2. pay attention to the little things
Details, details, details. I lost time because rack posts that needed moving back, as it turned out, were screwed down with Torx screws. Luckily I brought a lot of tools among which a set of allen wrenches – but this prevented me from using my battery operated drill/screwdriver. Speaking of which – there were quite a few screws that were recessed too far to be reachable, again requiring manual tightening. Note to self: bring extender bit for the drill next time, and see if I can get some hex/torx bits.
I also lost time because I got stuck in traffic driving to the old colo. While this was not such a big deal since everything was still up, it did shorten the amount of time I had to work with during the maintenance window. Lesson learned: time migrations and/or allot enough time for bad traffic.
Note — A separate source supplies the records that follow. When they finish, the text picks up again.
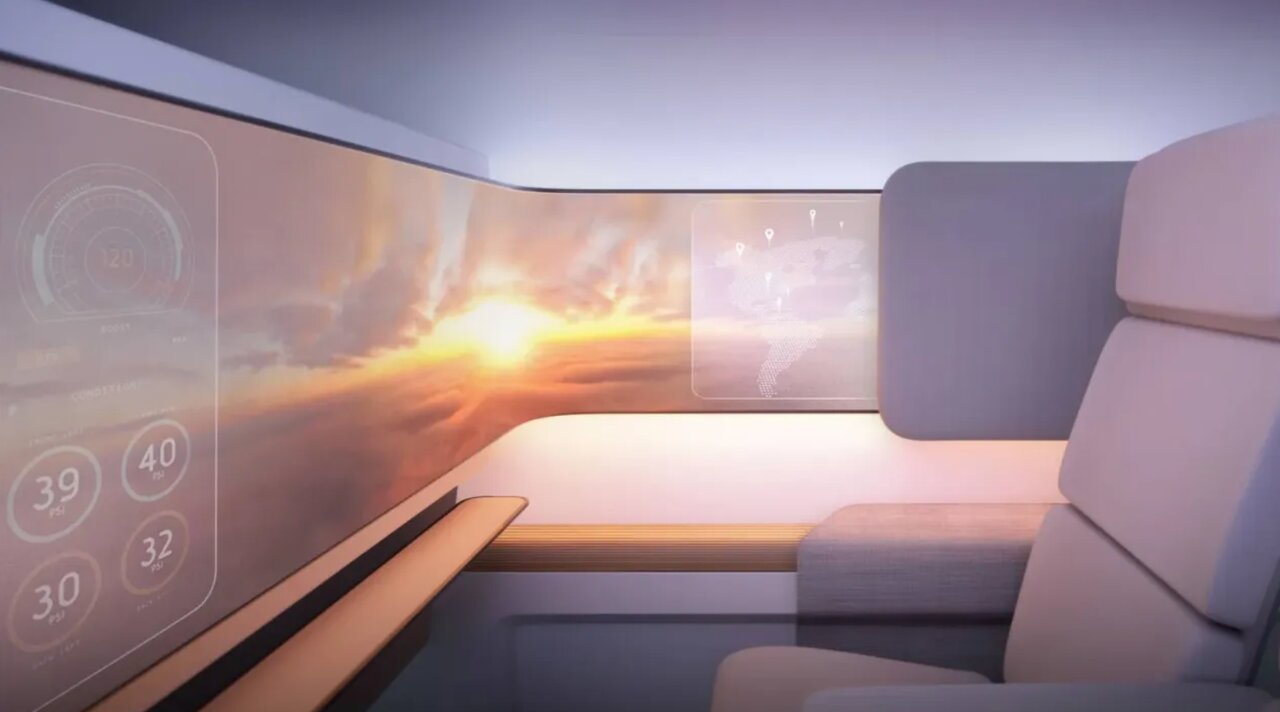 پرواز در کابین بدون پنجره پرواز در کابین بدون پنجره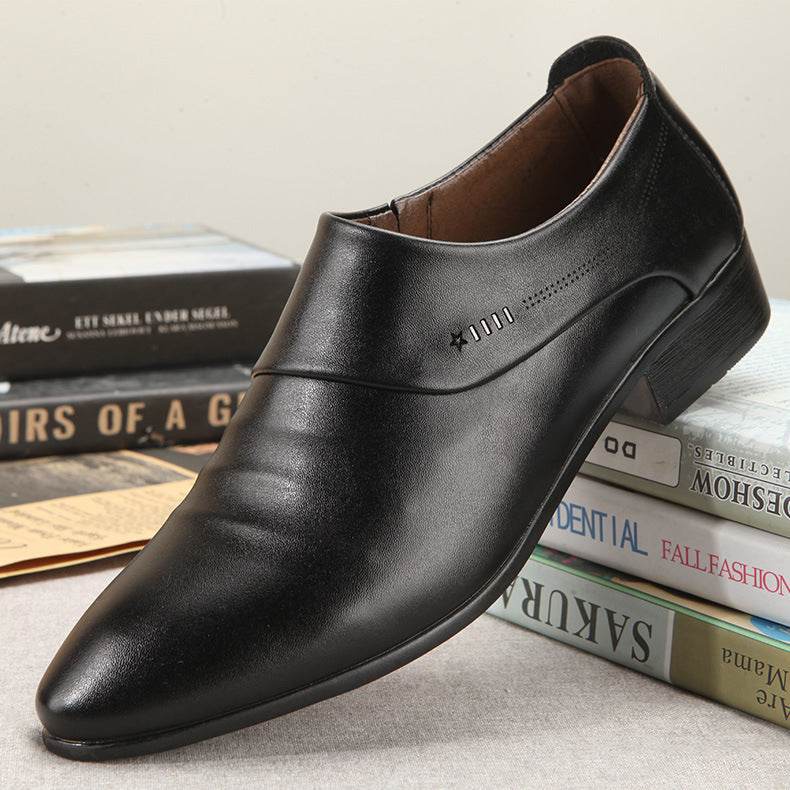 Buycenter Men's Casual Leather Shoes - Low Top & Wear-Resistant Design - Buy Center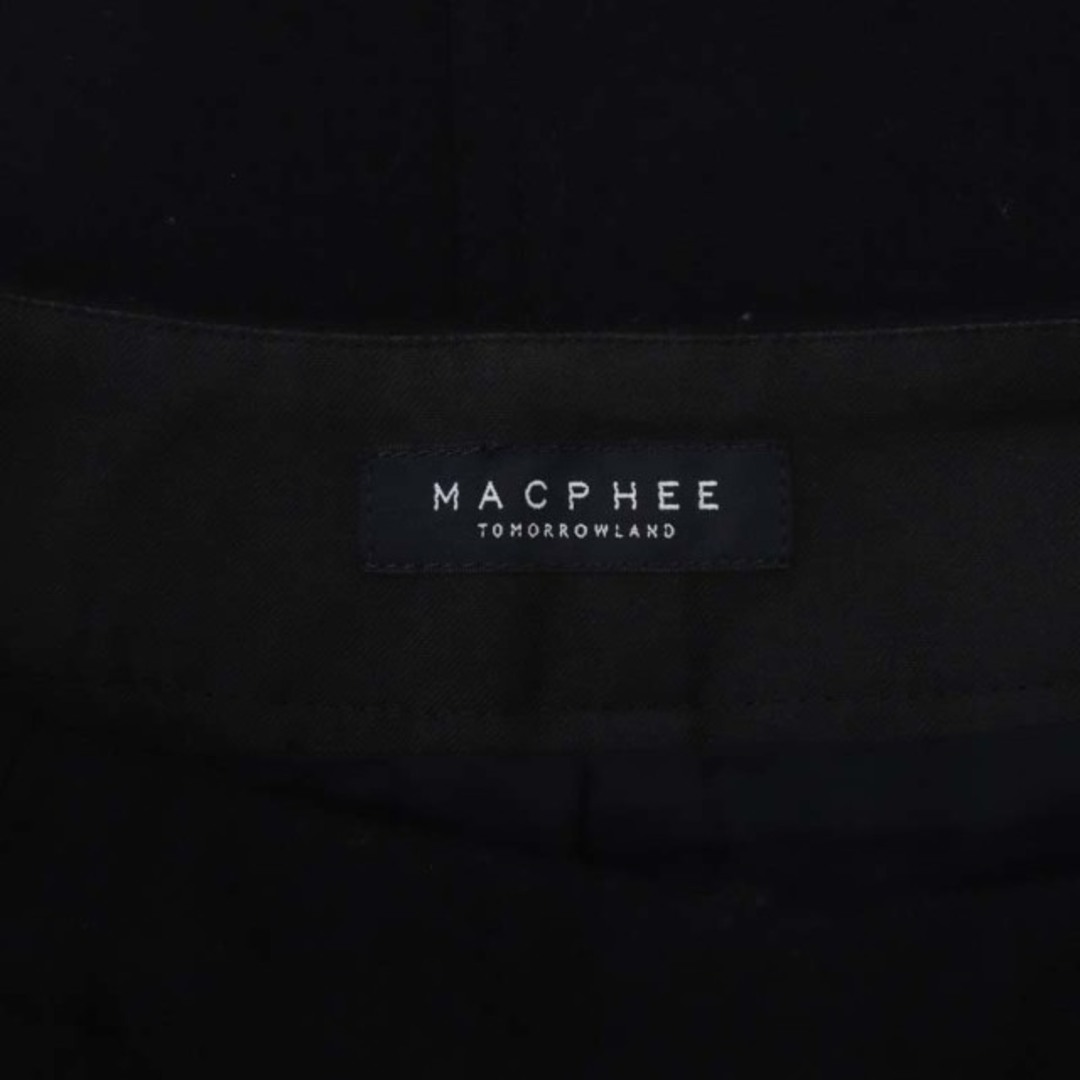 MACPHEE(マカフィー)のマカフィー トゥモローランド ウールジャージー ラップタイトスカート ひざ丈 黒 レディースのスカート(ひざ丈スカート)の商品写真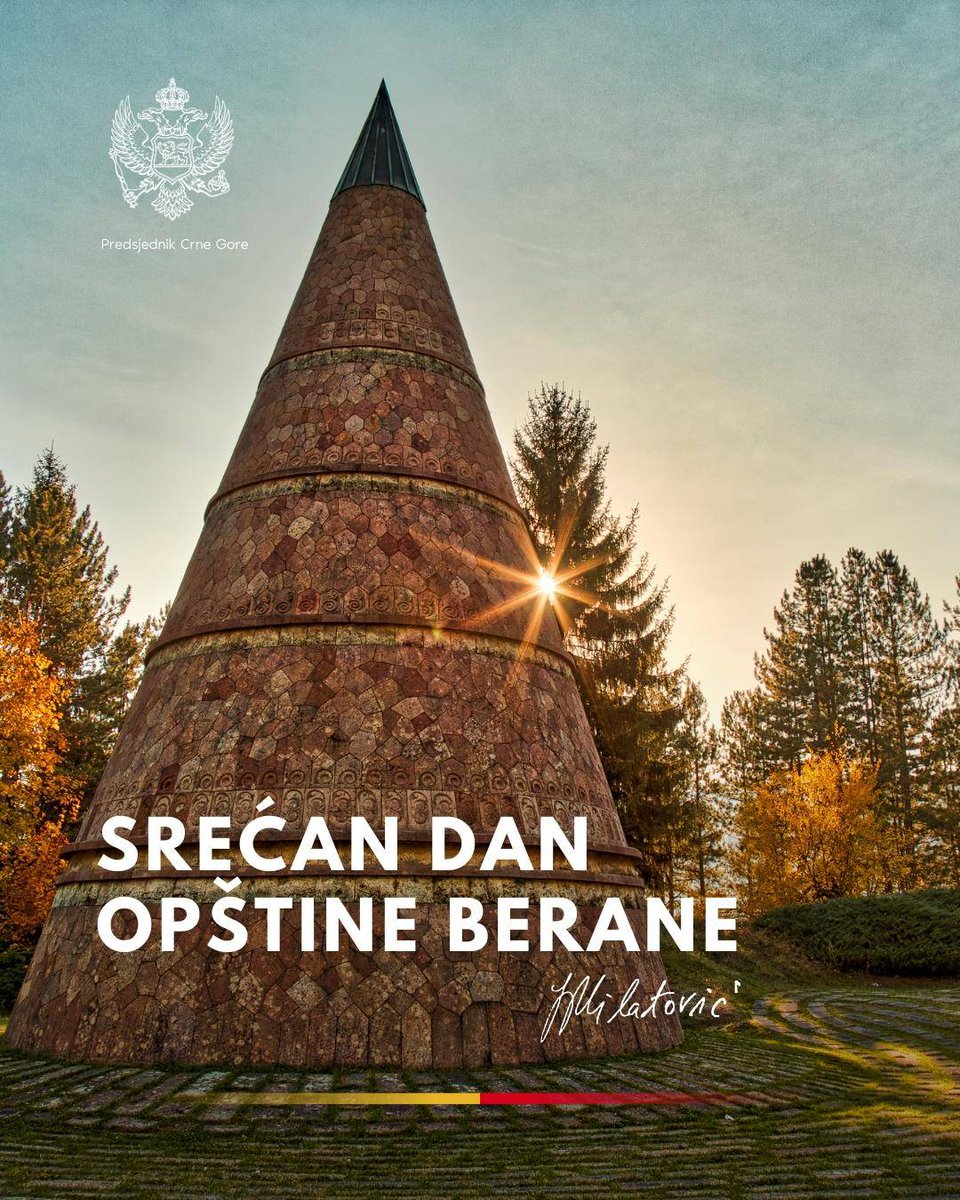JakovMilatovic's tweet image. Berane je, kroz sve epohe naše istorije, nosilo duh slobode, časti i tradicije. U svakom susretu sa ljudima ovog kraja osjećam snagu, dostojanstvo i duboku privrženost vrijednostima pravde i zajedništva. Vaša opština ostaje simbol otpora i nepokolebljive vjere u bolje sjutra.…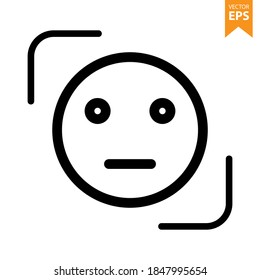 Emoji, emoticon face vector line icon. Eps10 vector illustration.
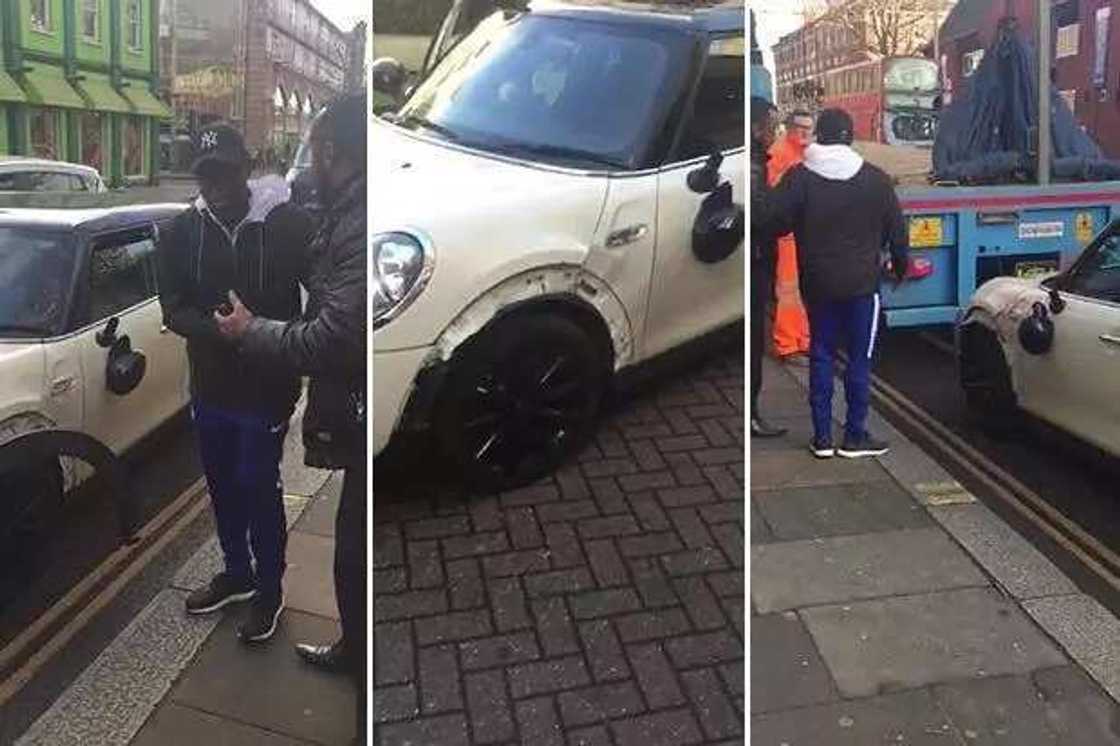 'Dan wasan Chelsea Ngolo Kante yayi hadari a hanyar zuwa filin wasa 'Dan wasan Chelsea Ngolo Kante yayi hadari a hanyar zuwa filin wasa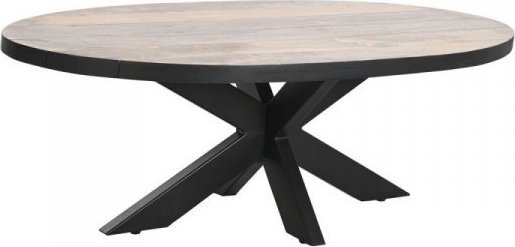 DKD Home Decor Stolik DKD Home Decor Naturalny Metal Drewno mango 130 x 70 x 45 cm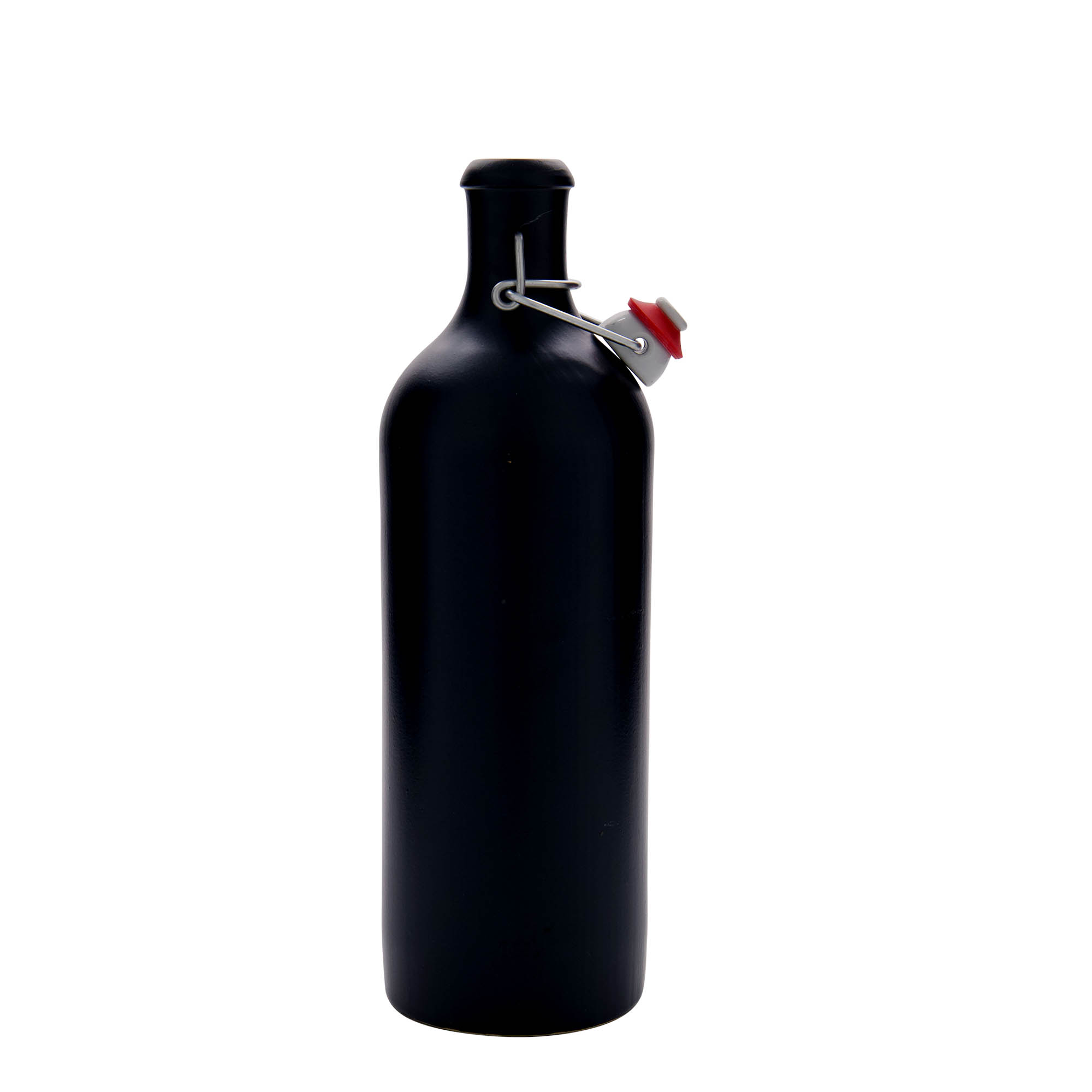 750 ml hlinený džbán, kamenina, čierny, otvor: s uzáverom na pánt
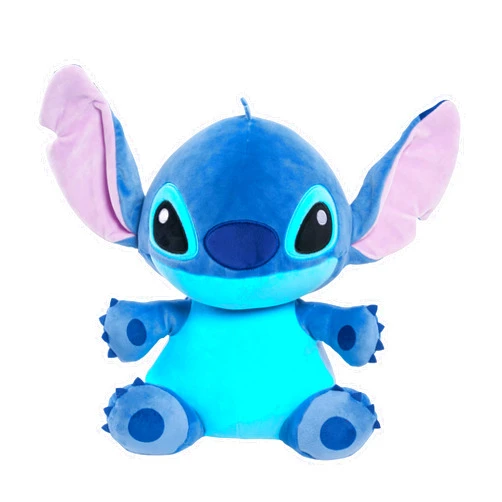 Disney Classics 14-inch Large Stitch Comfort Weighted Plush Stuffed Animal, Blue, Alien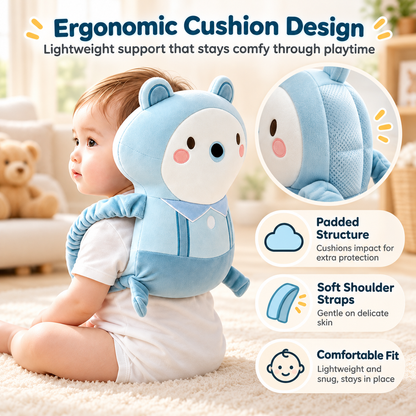 🐻 Baby Learning Walk Head Safety Cushion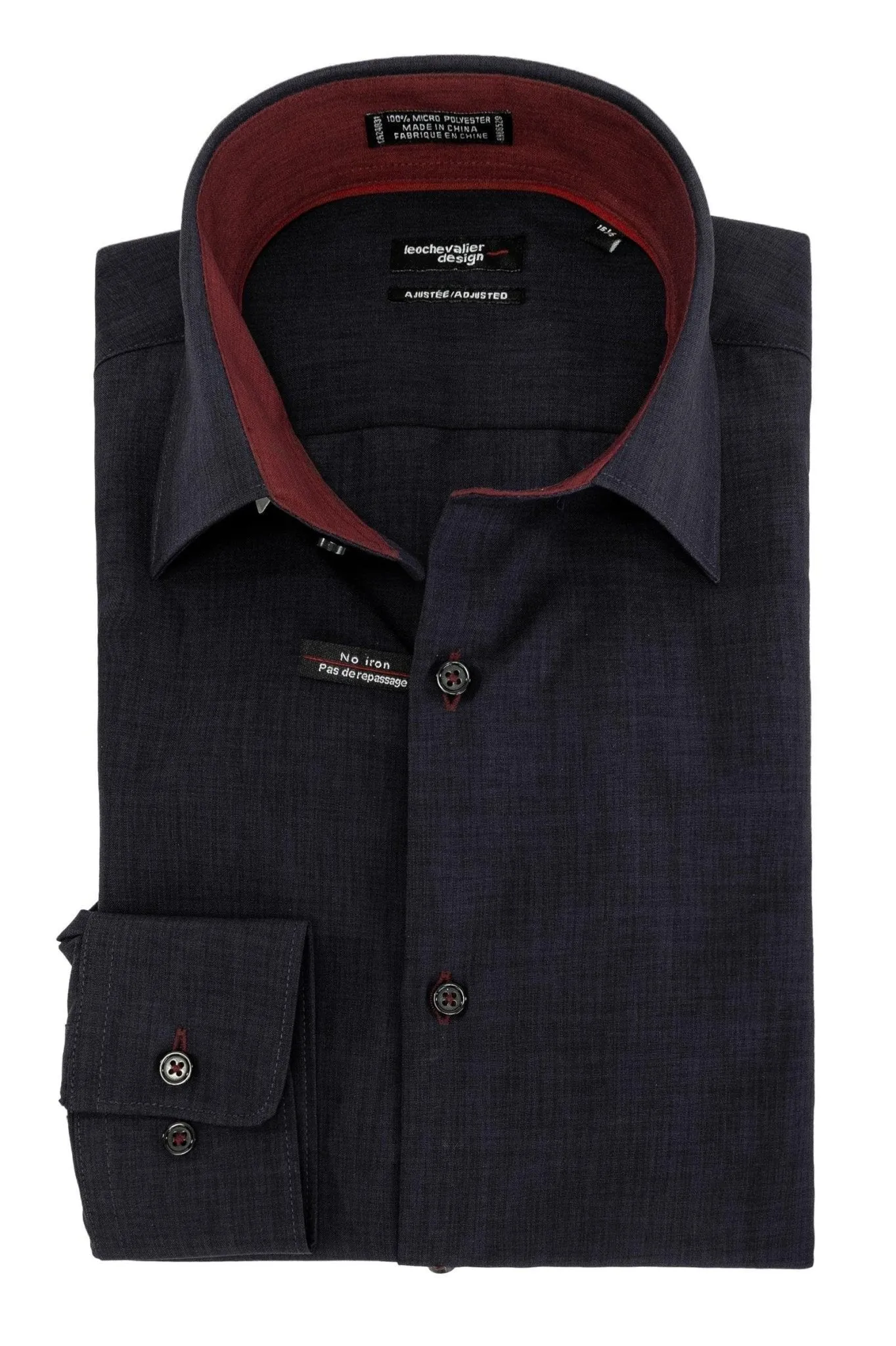 Leo Chevalier Men's Fittd LS Dress Shirt
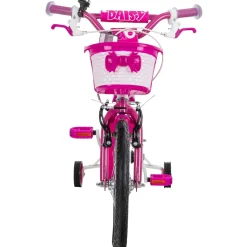 Actionbikes Kinderfahrrad Daisy 16 Zoll, pink, Stützräder, Korb, V-Brake-Bremsen, Antirutschgriffe (East)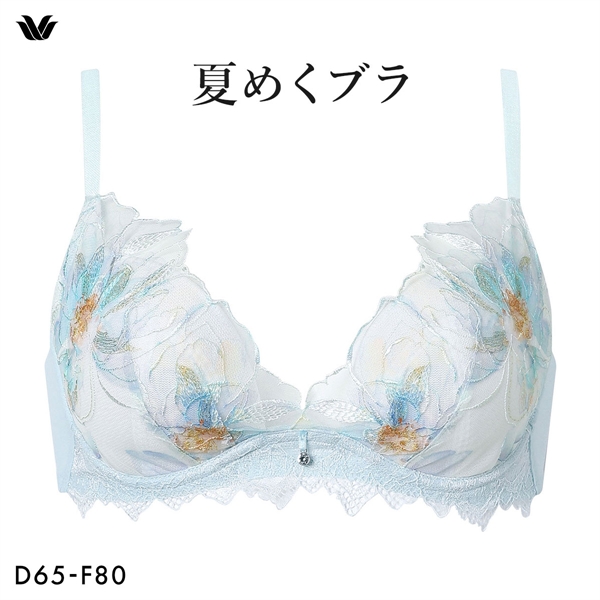 ワコール 夏めくブラ 3/4カップブラジャー DEF ワコール ブラジャー 吸汗速乾 高通気 Wacoal BXB485 大きいサイズ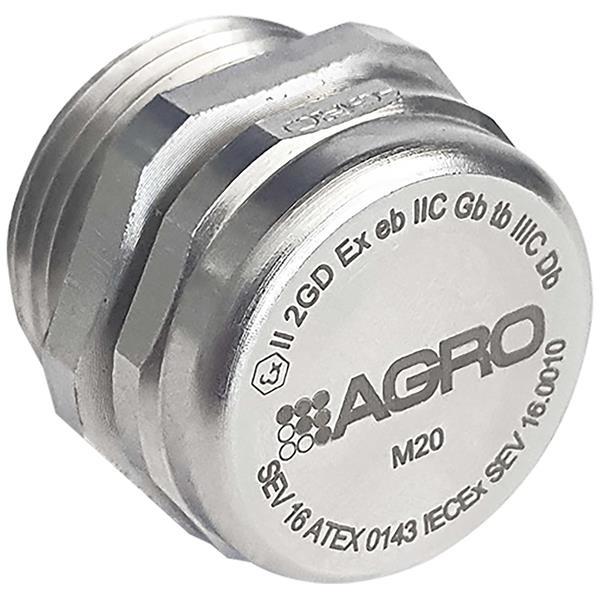 Kaiser Druckausgleichselement Membrane M16x1.5, Ex e II Messing vernickelt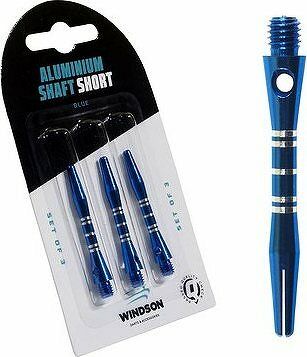 Windson Aluminium Shaft Short Blue 40 mm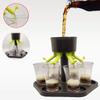 Creative plastic tray dispenser with bracket, with six cups, wine, whiskey, beer, birthday party, Christmas, bar tools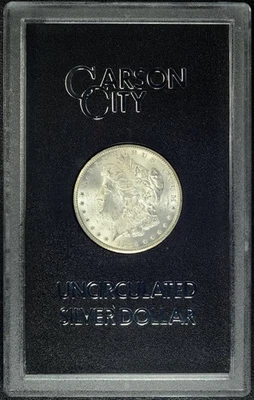 1885-CC GSA  MORGAN DOLLAR  ~  Box & COA  ~  CARSON CITY  ~  #1 - Image 1 of 4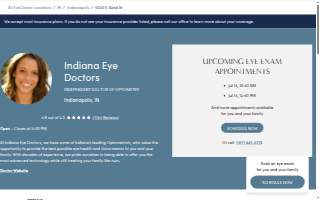 Indiana Eye Doctors website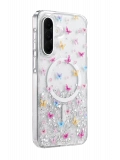 Onegif Samsung Galaxy A56 Misk Simli Magsafe Kapak - Desen 4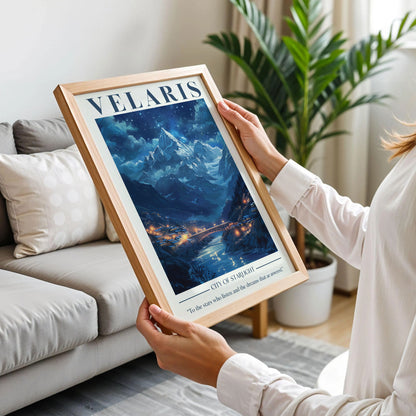 Velaris City of Starlight Print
3. prepare for the unexpected
Something will happen that you did not anticipate. In this case, a machine with Intel e1000 nics refused to properly autonegotiate with an HP Procurve switch, leading to all sorts of speed and duplex mismatch problems. This appears to be a bug in the e1000 firmware (yay!) and no matter what I tried with ethtool and setting fixed parameters on either side of the link, the nic would just not talk properly to the switch. Workaround: put a different switch in between the e1000 and the Procurve. Lesson learned: bring spare parts, even for things that you think won’t fail. Until yesterday I held Intel’s nics in very high esteem. Today – perhaps not as much. Bigger picture lesson: expect the unexpected, and try to prepare for all sorts of eventualities. This also means applying the freelance consulting rule to the timing of your maintenance window: estimate how much time you will need, and then do that times two or two and a half.
4. set aside time for the fallout
Aside from the autonegotiation problem, things went pretty well last night. The migration took about 4 hours longer than expected, but for the bulk of that time most services had already been restored. Still – my announced maintenance window was too short. It turned out not to be too big of a deal since I was working through a good part of the night, but there was some impact since I had to deal with customers in three timezones, in total 8 hours apart.
While everything took (much) longer than expected, there were only a couple smaller issues to deal with today. Still, you want to budget for some time after a migration to stabilize things. This is also a good time to document the new setup!